Texas County’s representative in the United States House announced Friday that he is sponsoring legislation that would require the United States Postal Service to pay any late fees incurred on bills due to delayed delivery.

“The USPS must be held accountable for the financial toll its poor service is taking on rural Missourians,” said U.S. Rep. Jason Smith. “Due to no fault of their own, individuals have been charged late fees and even had their utilities turned off because their mail arrives late or not at all.

It’s just one of many examples of how the USPS has completely ignored the harm caused by its poor service. “I urge my colleagues in the House and Senate to support this legislation to hold the USPS accountable for the rural mail crisis,” said Smith, a Republican from Salem.

Mail delays, particularly in rural areas, have resulted in people paying late fees and, in some cases, having their utilities turned off because their bills were lost in the mail or did not arrive on time, he said. Furthermore, several municipal utilities have expressed dissatisfaction with the slow delivery of bills to customers.

The bottleneck appears to be at regional mail sorting centers rather than with local post office employees.

The bill would allow anyone who received a late fee because a bill did not arrive on time to file a claim for repayment through an online portal or in person at any post office. The legislation would also require a report on delayed mail, providing Congress with relevant and accurate information to determine whether the USPS is taking steps to improve delivery times.

The rural mail crisis is having a significant impact on the quality of life in communities across southeast and south-central Missouri:

•Seniors are struggling to make ends meet because Social Security checks aren’t arriving on time.
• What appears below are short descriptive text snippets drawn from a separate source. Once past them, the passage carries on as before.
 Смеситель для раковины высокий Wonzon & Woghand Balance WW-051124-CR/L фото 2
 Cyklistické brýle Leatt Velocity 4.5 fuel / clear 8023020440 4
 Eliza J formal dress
•Veterans aren’t receiving the benefits they earned for their service to the nation.

•Small businesses are taking a financial hit due to packages for, and payments from, customers getting lost in the mail.

•Rural newspapers are frustrated because print editions are getting delivered to customers weeks – and even months – past the publishing date.
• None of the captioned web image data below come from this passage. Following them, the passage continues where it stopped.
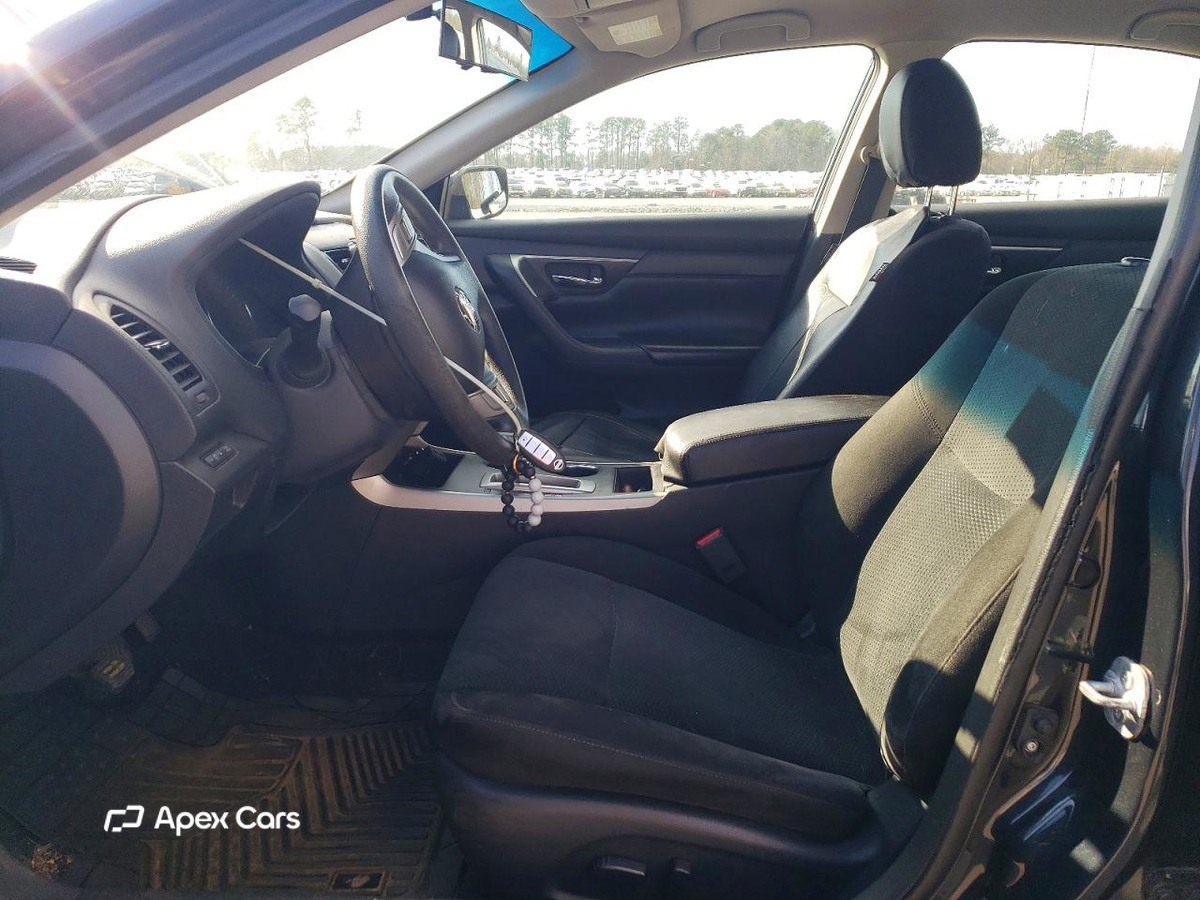 Nissan Altima 2015
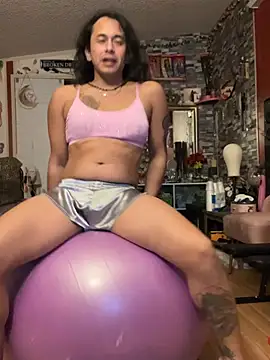 TranSexualJade95 online show from 06/18/26, 09:14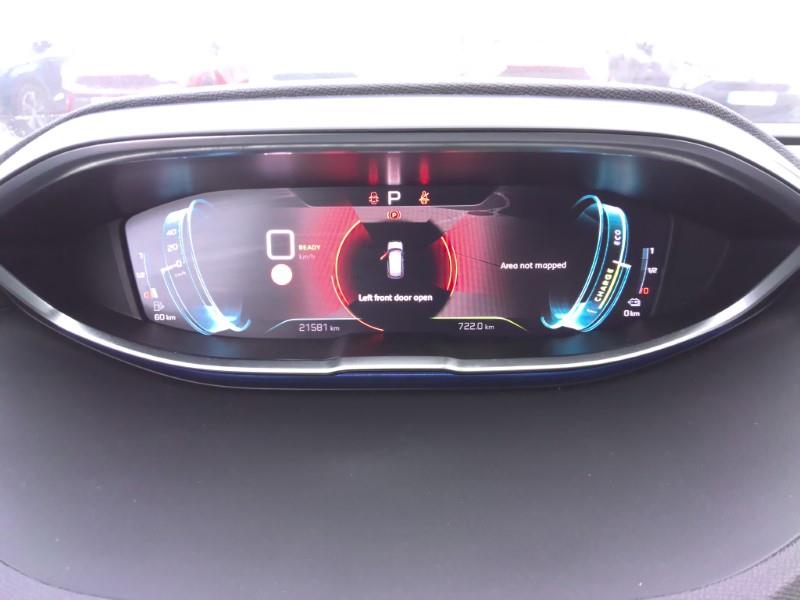 Foto Peugeot 3008 Hybrid 5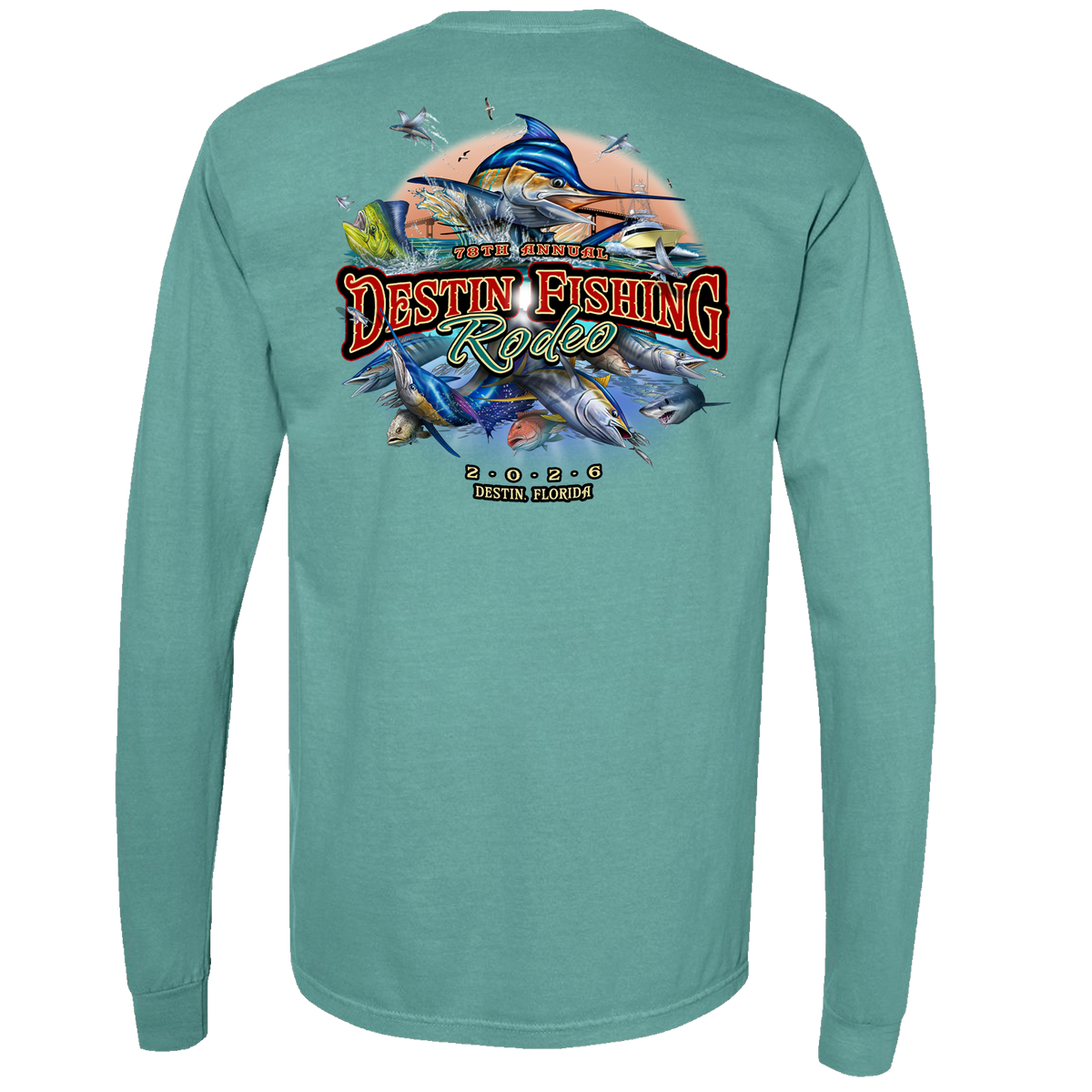 2026 Traditional Rodeo T-s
Smith stated that ending the rural mail crisis is and will remain his top priority.

In September, Smith wrote to Postmaster General Louis DeJoy, requesting that the USPS Office of Inspector General audit the Sorting and Distribution Center in Hazelwood to determine why mail delivery is significantly delayed and inconsistent in eastern Missouri communities, particularly rural areas.

In 2023, Smith demanded answers from DeJoy regarding unacceptably long mail delays in southeast and south-central Missouri caused by the USPS’s decision to close the Cape Girardeau Processing and Distribution Facility and relocate mail sorting operations to the St. Louis Processing and Distribution Center in February 2022.

Smith and a bipartisan group of his colleagues wrote a letter in 2021 requesting that DeJoy halt any further postal facility consolidations as part of its flawed Delivering for America plan.